GB 1 462 850 discloses a device which is intended for changing the rotational speed and/or the direction of the rotation and has two gearwheels, with axially facing toothing formations, arranged coaxially in relation to one another, a rotatably drivable wobbling member being arranged between the two gearwheels. The wobbling member, which is inclined in relation to the axis of rotation of the gearwheels, has axial toothing formations formed on either side and these engage, diametrically in relation to one another in each case, into the gearwheel toothing formations located opposite them.

It is an object of the invention to provide a joint fitting of the type mentioned in the introduction which, while being of straightforward and space-saving construction, can be subjected to high loading and allows the gearwheels to run satisfactorily one inside the other.

This object is achieved according to the invention in that the first gearwheel and the second gearwheel are formed with toothing formations facing toward one another and are arranged coaxially in relation to the axis to form a spacing between them, wherein a ratchet wheel is arranged in this spacing between the gearwheels, likewise coaxially in relation to the axis, and has, on either side, a respective axial toothing formation, these two toothing formations having pitches which are offset in relation to one another, wherein the rolling drive, which can be driven in a rotatable manner about the axis, can cause the ratchet wheel, with revolving rolling action, to have one side engaging, in particular in a play-free manner, in the toothing formation of the first gearwheel and, at a location diametrically opposite this, to have the other side engaging, in particular in a play-free manner, in the toothing formation of the second gearwheel, wherein the tooth difference of the toothing formation of the first gearwheel in relation to the associated toothing formation of the ratchet wheel is not equal to the tooth difference of the toothing formation of the second gearwheel in relation to the associated toothing formation of the ratchet wheel, and wherein the first gearwheel and the second gearwheel have their axially directed ring regions, which face toward one another and are located radially outside the ratchet wheel, butting against one another.

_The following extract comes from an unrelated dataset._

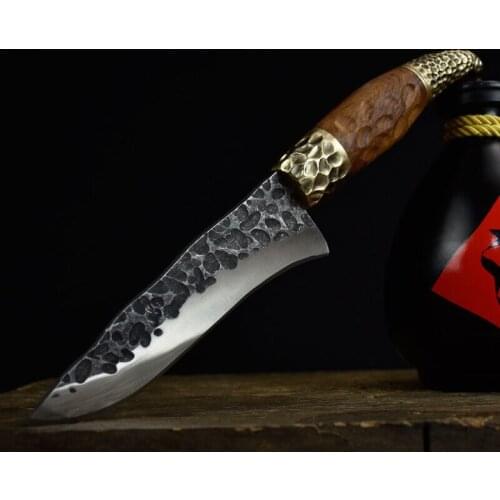 DEHONG Bone picking knife slaughtering knife Longquan kitchen knife household fruit knife outdoor knife hand forging knife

As a result of the axially oriented toothing formation, with precise rolling of the teeth, the teeth may be designed to be very wide in the radial direction, and therefore high loading can be transferred by being distributed over a large cross section. The overall size can nevertheless be kept small.

The design according to the invention results in the region of the ratchet wheel and of the toothing formations of the two gearwheels being protectively enclosed in a chamber, this being done straightforwardly without any additional components being required.

The tooth angle of the teeth is preferably somewhat larger than the angle of the coefficient of friction of the material pairing used for the gearwheels. Since this angle is approximately 6-7°, it is advantageous if the tooth angle of the teeth is approximately 9°. As a result, the axial forces which act when the gearwheels are subjected to loading lie in a moderate range of magnitude.

Rotation of the rolling drive results in the ratchet wheel wobbling with revolving action in relation to the axis, and therefore the rolling of the toothing formation of the ratchet wheel in the toothing formations of the first and of the second gearwheels results in the gearwheels rotating relative to one another and thus also in the pivotable components pivoting relative to one another.

The joint fitting can be used for seats with an adjustable backrest, for example in vehicles such as motor vehicles, but also on aircraft.

Adjustments such as, for example, height adjustments, inclination adjustments and lordosis adjustments may also be carried out on such seats.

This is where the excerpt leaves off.